For anybody who might have missed it, peel through the results of the men’s 200 free relay between Virginia and Duke from this weekend in Durham, and you might notice some unfamiliar names on the Cavaliers’ ‘E’ relay.
Carl Buergler, Colby Shinholser, Jordan Sacks, and JB Kolod combined for a 1:41.41 (averaging 25.3′s). In normal circumstances, that would be a laughable time for a major Division I program; in these circumstances chalk me up as impressed. That’s because those four are all divers. The splits included a 23.42 leadoff from Carl Buergler and a 24.54 anchor from JB Kolod. (Shinholser’s goggles fell off, and he still split a 26).
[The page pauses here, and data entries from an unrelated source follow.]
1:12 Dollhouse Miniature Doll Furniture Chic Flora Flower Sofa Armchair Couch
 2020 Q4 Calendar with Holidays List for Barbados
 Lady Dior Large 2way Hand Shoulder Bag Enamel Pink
For those who have never tried putting their divers in a race (though, we’ll see it from time-to-time in intrasquad meets where points and lane-fillers are at a premium), those are pretty impressive times. Especially Buergler’s 23.42.
Kolod himself could (should) be an All-American on the boards, and his obvious athleticism will play a factor in that. I swam for two years with a swimmer/diver in high school, though at that point his swimming took off to the point where it was no longer worth burning an individual event on diving. I coach a diver who this year has begun coming to swim practice and has swum a few races for us as well (and scored a few points, at that).
For anyone who would brush this off as unimpressive, don’t underestimate the value of divers stepping up like this on the psyche of a team. That’s the sort of thing that can really build the “team-first” mentality and show unification between two groups that can sometimes be at odds.
Virginia would win the dual meet 153-140 after exhibitioning the last several races.